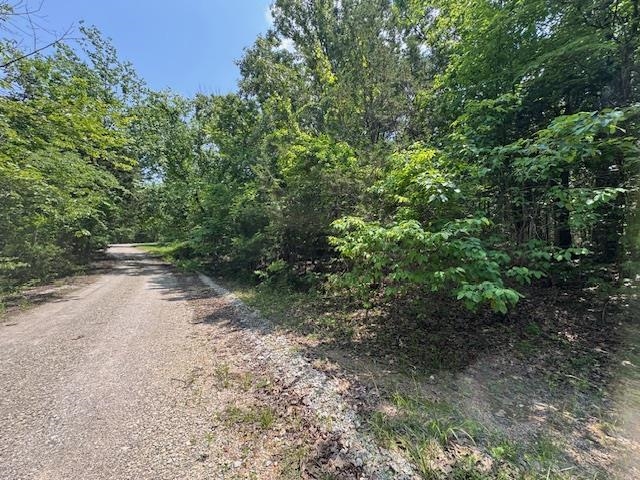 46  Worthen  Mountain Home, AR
- - -
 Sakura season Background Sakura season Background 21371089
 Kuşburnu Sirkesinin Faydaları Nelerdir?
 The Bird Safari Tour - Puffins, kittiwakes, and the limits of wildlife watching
- - -
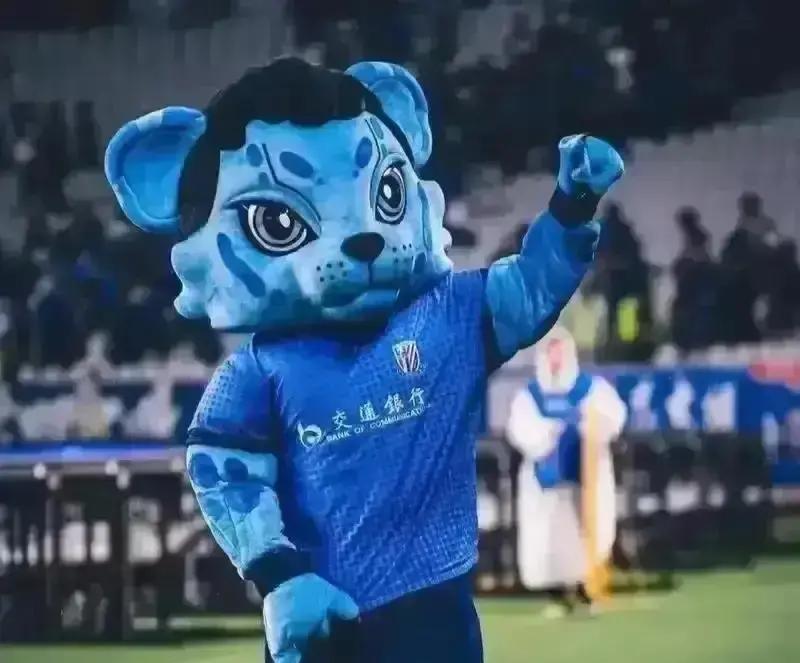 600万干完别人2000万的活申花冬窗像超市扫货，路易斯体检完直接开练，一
- - -
→ **TASK DETAILS**: Looking at the data above, write out exactly the lines that start at the one containing "Kuşburnu Sirkesinin Faydaları Nelerdir?" and end at the one containing "The Bird Safari"; include both and nothing beyond.

→ **ANSWER FOR THIS EXERCISE**:
 Kuşburnu Sirkesinin Faydaları Nelerdir?
 The Bird Safari Tour - Puffins, kittiwakes, and the limits of wildlife watching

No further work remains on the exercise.